É verdade que não existem soluções fáceis para problemas dessa natureza, mas tem-se a convicção de que elas fluem por meio do desenvolvimento e da prática do pensamento humano. Em 1910, 40 anos antes da ciência ter trazido à luz o conhecimento sobre a Teoria dos Sistemas, Luiz de Mattos descreveu o saber pensar complexo como uma vibração do espírito, que envolve a capacidade de concentração de cada um, permitindo-se, ao mesmo tempo, a exploração do problema através de diferentes perspectivas, envolvendo a multiplicidade de aspectos e variáveis intervenientes. O pensamento envolve rigoroso controle sobre si próprio para impedir que desejos, interesses e simpatias, possam interferir em sua vibração.
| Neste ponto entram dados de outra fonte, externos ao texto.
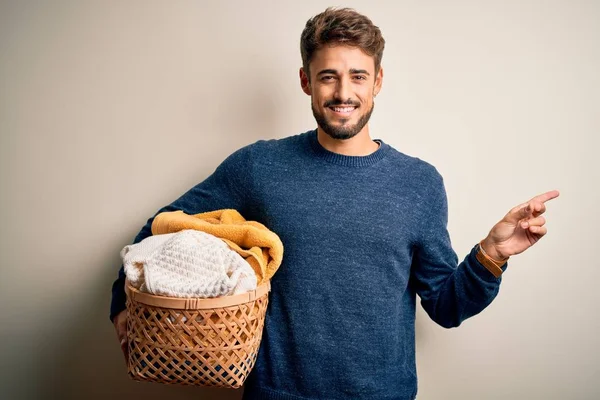 Young Man Doing Housework Holding Wicker Basket Clothes White Background — Stock Photo, Image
Para sermos úteis ao Todo Universal é fundamental que o nosso pensamento seja límpido, cristalino e livre dos desvios espirituais ocasionados pelo viver sem método, dominado pela egolatria e suposta infalibilidade das próprias opiniões que conduzem ao fanatismo das ideias fixas.
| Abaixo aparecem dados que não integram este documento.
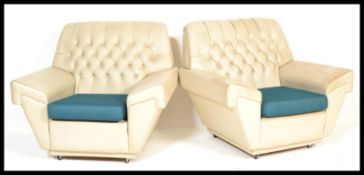 A pair of vintage retro 20th Century arm chairs armchairs of Chesterfield type having button backs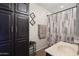 Functional bathroom featuring a sink vanity, a cabinet for extra storage, and a shower with a patterned curtain at 7503 W Julie Dr, Glendale, AZ 85308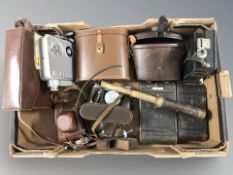 A group of vintage cameras including Halina, a Meopta Admira 8F camera, a small brass telescope,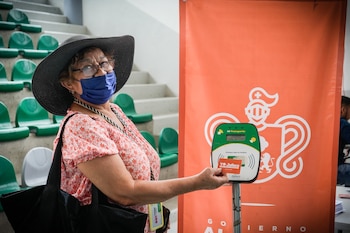 Mujer con sombrero oscuro, gafas y mascarilla azul toca un lector de tarjetas verde con una tarjeta naranja YO Jalisco, frente a un banner naranja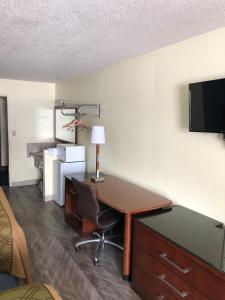 a room with a desk with a computer and a tv at Western Inn South in Kearney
O pensar sistêmico, conectado às leis que regem o Universo, amplia a percepção sobre as questões que nos são impostas neste mundo, servindo de base para o enfrentamento do dilema das escolhas. A limpeza psíquica realizada com frequência é fundamental para que nos sintamos suficientemente equilibrados, fortificados na condução do barco que navega o mar da complexidade. A serenidade do espírito e a firmeza de pensamento são elementos que nos conectam com as correntes fluídicas positivas, e que potencializam a nossa capacidade de dar solução para os problemas, sejam eles simples ou complexos.

A ausência de consciência da complexidade do Universo, bem como das leis naturais que o regem, nos deixam mais vulneráveis à dor e ao sofrimento. Ailton Krenak, indígena pertencente ao povo Krenak, que habita a região do Vale do Rio Doce, assim descreve essa fraqueza espiritual, “sentimo-nos como se estivéssemos soltos num cosmos vazio de sentido e desresponsabilizados de uma ética que possa ser compartilhada, mas sentimos o peso dessa escolha sobre as nossas vidas; somos alertados o tempo todo para as consequências dessas escolhas recentes que fizemos; e se pudermos dar atenção a alguma visão que escape a essa cegueira que estamos vivendo no mundo todo, talvez ela possa abrir a nossa mente para alguma cooperação entre os povos, não para salvar os outros, mas para salvar a nós mesmos.”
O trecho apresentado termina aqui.